Content starts
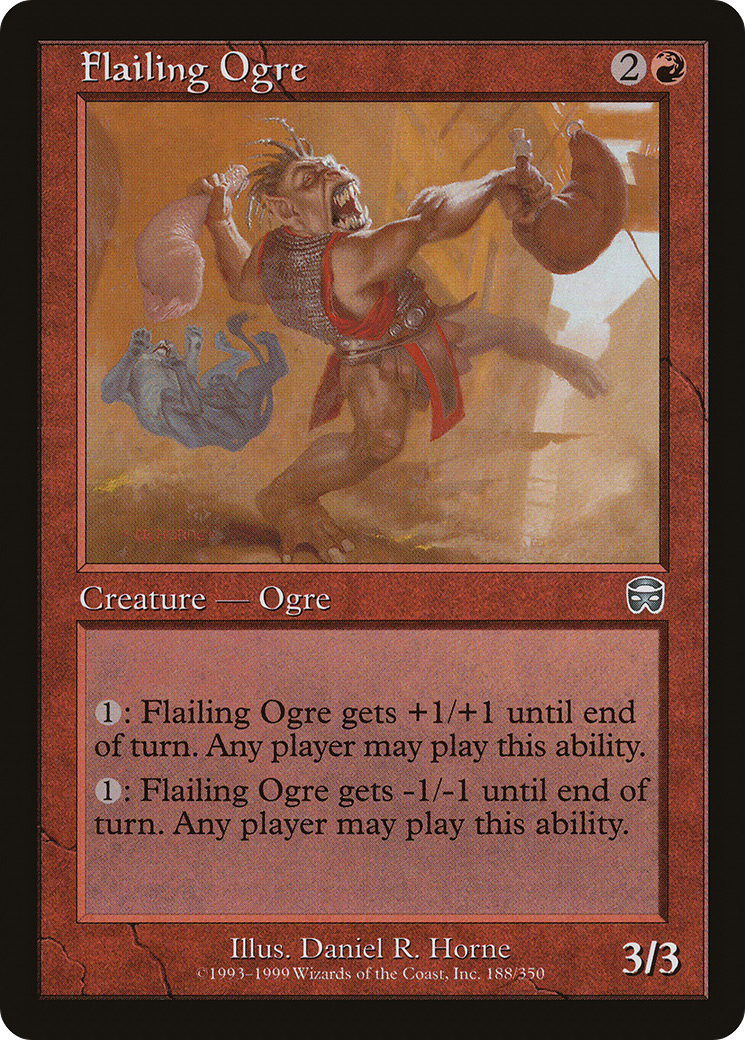 Flailing Ogre Card Image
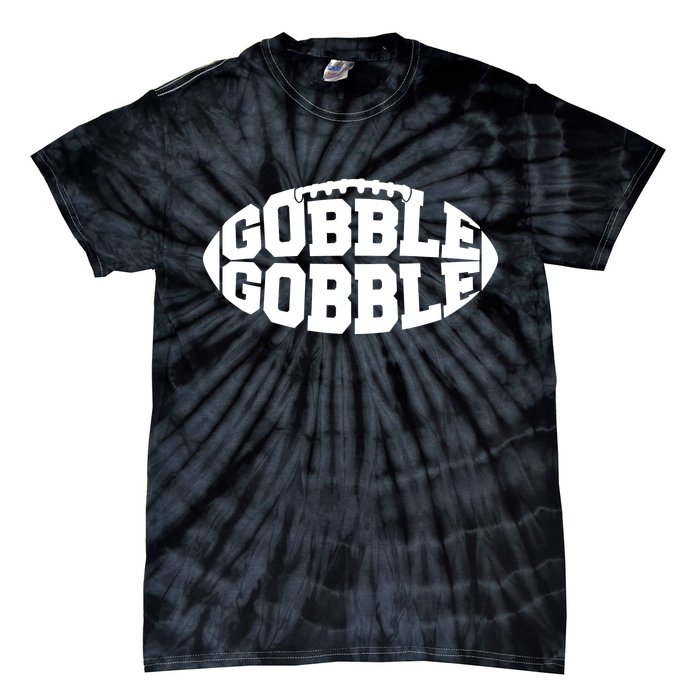 Gobble Gobble Football Tie-Dye T-Shirt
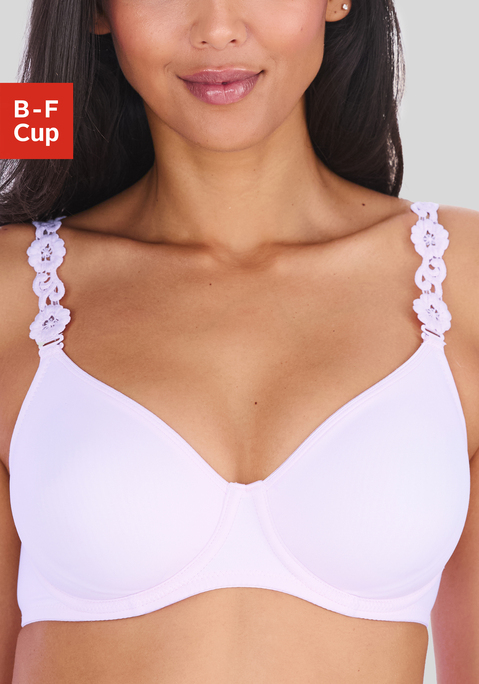 Bild: T-Shirt-BH von LASCANA: Klassischer Bügel-BH für den Alltag mit modischen Wechselträgern. Mit Bügel und nahtlos vorgeformten Cups (ohne Wattierung). Aus seidiger Microfaser in hochwertiger Tactel Qualität - besonders trageangenehm. Träger zum Austauschen: 1x Transparent, 1x Grundfarbe, 1x Stickereiträger. Mit Liebe & Leidenschaft in Hamburg kreiert. Der BH ist aus 82% Polyamid (TACTEL®), 18% Elasthan (LYCRA®). BHs sind nicht trocknergeeignet, da die Versteller und Ringe durch die Hitze beschädigt werden und brechen.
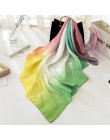 Moda kobiety szalik luksusowej marki hidżab 100% jedwabiu uczucie szalik niebieski Foulard plac szale na głowę okłady 2019 nowy 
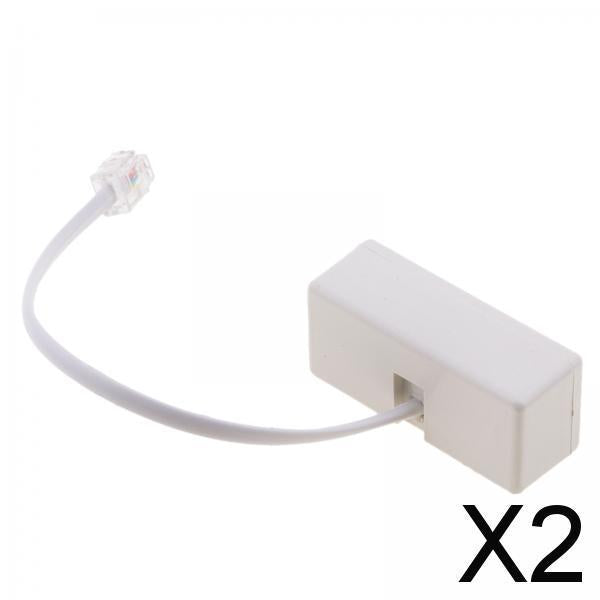 2x2-Way RJ11 Telephone Plug to Socket Adapter Splitter for Landline Telephone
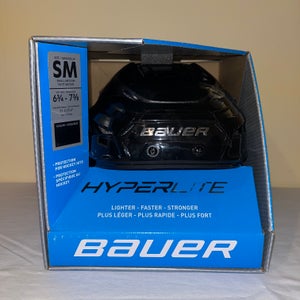New Small Bauer Hyperlite Helmet - Black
Content ends
EXERCISE DETAILS - Give the lines again exactly, beginning with the first line of the records above and ending with the line that contains "Gobble Gobble Football Tie-Dye T-Shirt", and include no pictures.

RESULT -
 Flailing Ogre Card Image
 Gobble Gobble Football Tie-Dye T-Shirt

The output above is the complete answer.